Wednesday, June 08, 2005

Online Fundraising

It has certainly proved effective over this last campaign. I think the one reason for that is because it giving to a campaign so much easier, I suspect there were great deal out there who wanted to give to a high level candidate, but they just didn't know where to go to give. Dean and later Kerry were able to take advantage of this. Dean's constituency in the primary ended up being quiet tech savvy so it was a natural progression. In Kerry's case, after he secured the nomination, he did have a tech savvy constituency that wanted nothing more than to beat Bush, but he also used highly targeted banner ads to raise money in small sums. I don't know the actual numbers but I would guess that the ads were quite effective, people who supported Kerry and wanted to support him financially but didn't know how to, suddenly had ads in front of them directing them right to it.

3 Comments:

At 6:44 AM, Kelly K said...

I noticed Kerry using ad banners on WashingtonPost.com, particularly those annoying ones that run across the bottom of the screen.
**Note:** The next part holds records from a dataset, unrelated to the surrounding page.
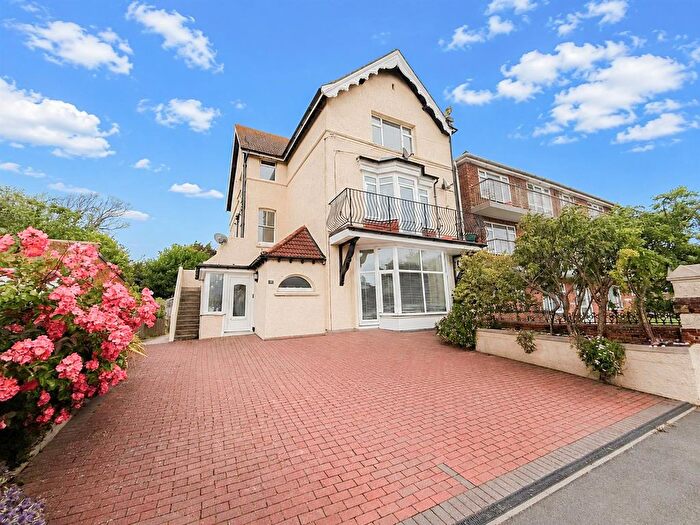 2 Bedroom Flat For Sale In Magdalen Road, Bexhill, TN40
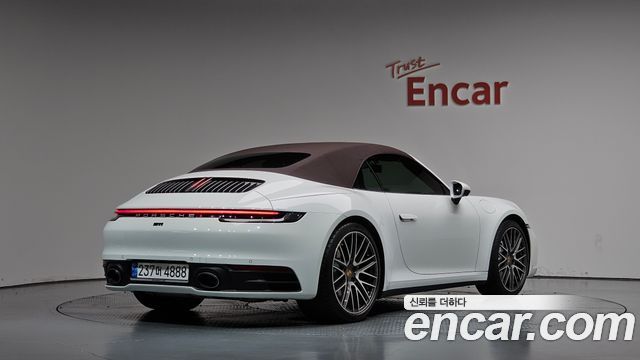 Porsche 911 2024 — photo 37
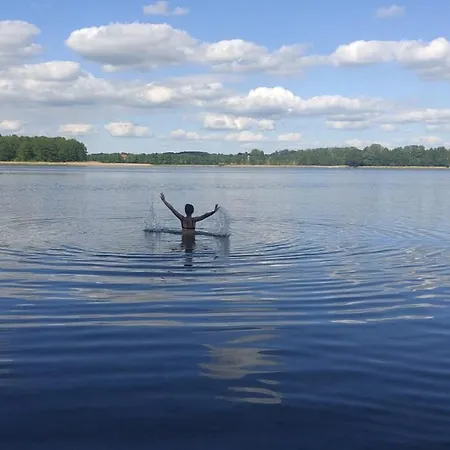 Dom Nad Jeziorem Σπίτι διακοπών Czerwonki (Mragowo)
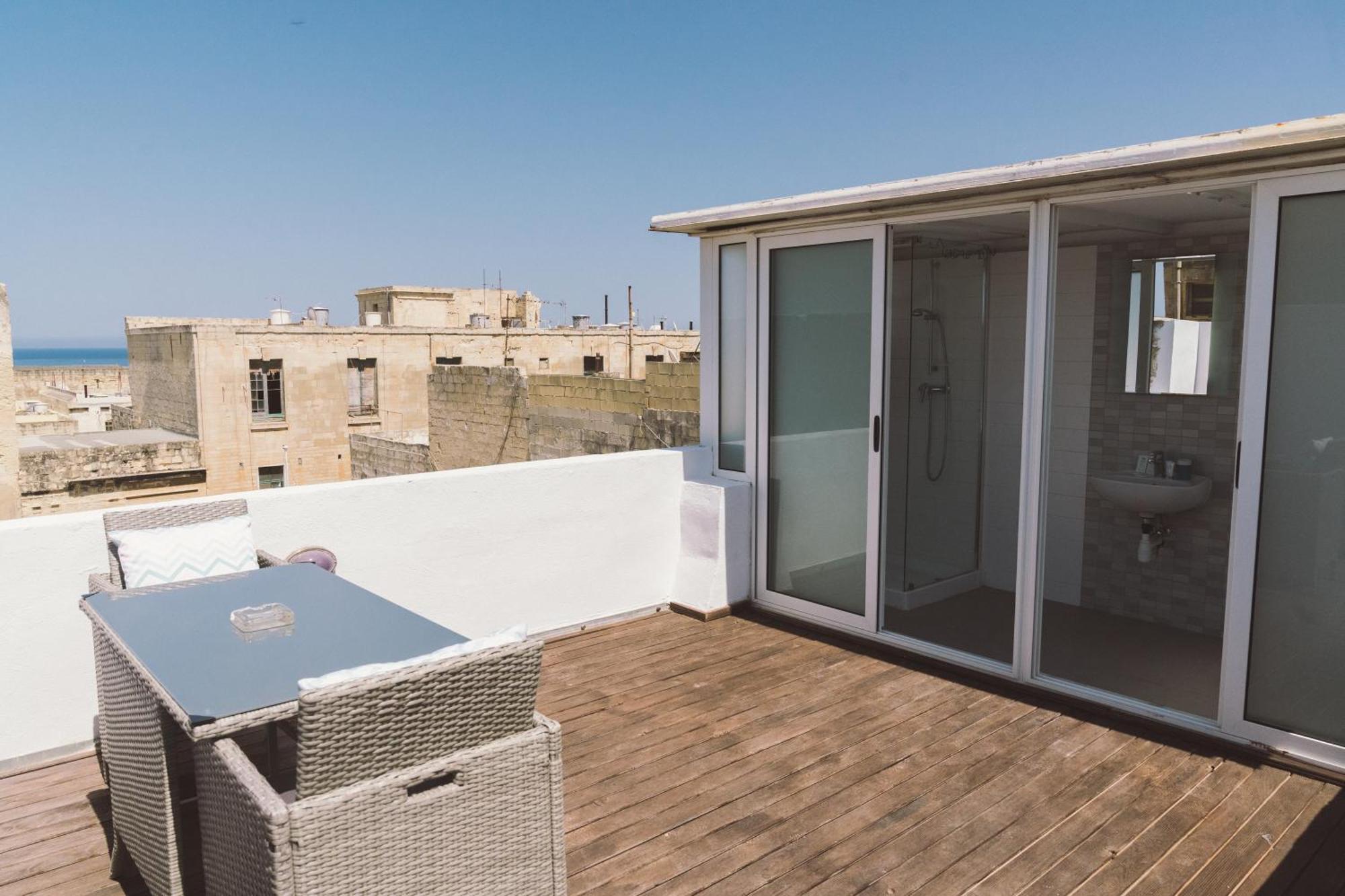 Vallettastay Skyline Sea View Studio Exterior photo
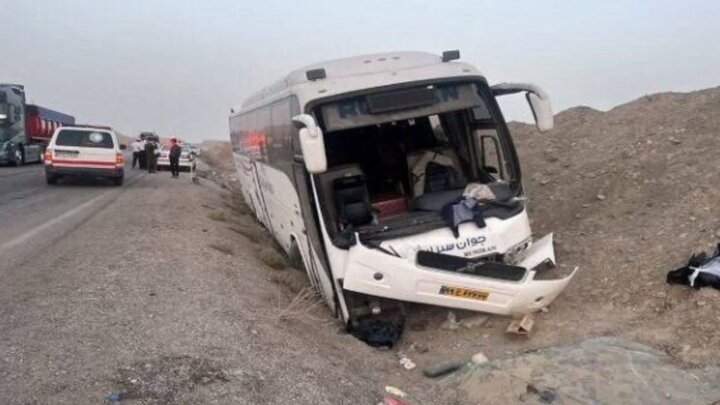 واژگونی اتوبوس در محور آذرشهر - ایلخچی با ۱۲ مصدوم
Traditionally Republicans have relied on fewer large individual donations while Democrats receive many small donations.

If that held true in 2004, Kerry's online fundraising (and the ads directing people to his web site) must have been very effective. FEC data shows Bush received $271 million in individual contributions in 2004 (both on and offline) while Kerry pulled in $224 million.

 
At 11:05 AM, Emilienne Ireland said...

This is a test of auto-reporting.

GWO Dem, please go ahead and delete this comment.

 
At 3:43 PM, Emilienne Ireland said...

This is a second test of auto-reporting.

GWO Dem, please go ahead and delete this comment.